Investment News is reporting that in the wake of pressure from regulators, Berthel Fisher & Co. Financial Services Inc., Cetera Financial Group Inc. and VSR Financial Services Inc., are modifying the way they sell specific alternative investments, including nontraded real estate investment trusts, by revising current policy or including no procedures and guidelines. According to executives at the three brokerage firms, they want add liquid alternative choices to their platforms while staying mindful of the issues that regulators recently addressed.
These types of financial instruments are in demand due to their higher yields, especially as traditional investment interest rates for retirees stay low due to the Federal Reserve’s policy. According to VSR chairman Don Beary, Following recent FINRA’s ‘senior sweep,’ his brokerage firm is now more careful about what senior citizens can invest in. VRS’s registered representatives have just been notified about the new illiquid alternative investment sale guidelines, which include a 35% of illiquid investment limit for older clients’ accounts-down from 40-50% previously. Also, for clients in the 70 to 75 age group, they will be allowed to possess no more than 25% of illiquid investments in their portfolio. Clients in the 75 to 84 age group have a 15% limit, while customers older than that will not be allowed to make own any illiquid investments.

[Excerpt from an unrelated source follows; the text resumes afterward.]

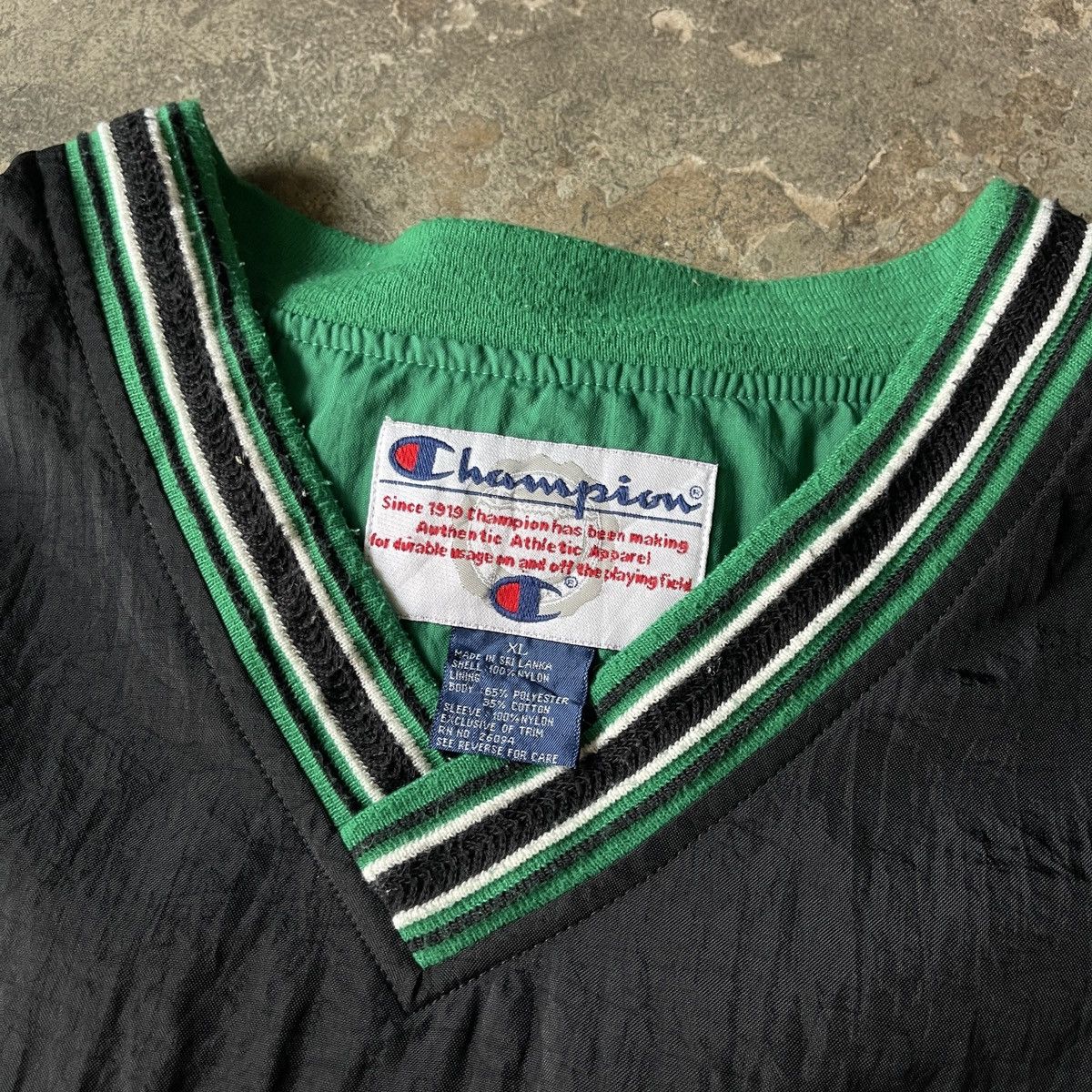 Champion × NBA × Vintage Vintage Champion New York Jets Size US XL / EU 56 / 4 - 4 Thumbnail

Meantime, Centera hasn’t modified customer allocations percentages , but it has enhanced its representative training requirements for representatives that sell illiquid investments and brought in more employees to conduct product due diligence.
It is important that your financial representative only recommend investments that are suitable for you, your goals, and your financial needs. Failure to do so can be grounds for a securities fraud case if the customer loses money as a result.
Seniors are especially vulnerable to losing big from unsuitable trades. Many have ended up losing the savings they have spent a lifetime accumulating, which can drastically hurt their retirement that they have worked hard for.
You want to work with an experienced REIT lawyer who knows how to recoup your losses for you.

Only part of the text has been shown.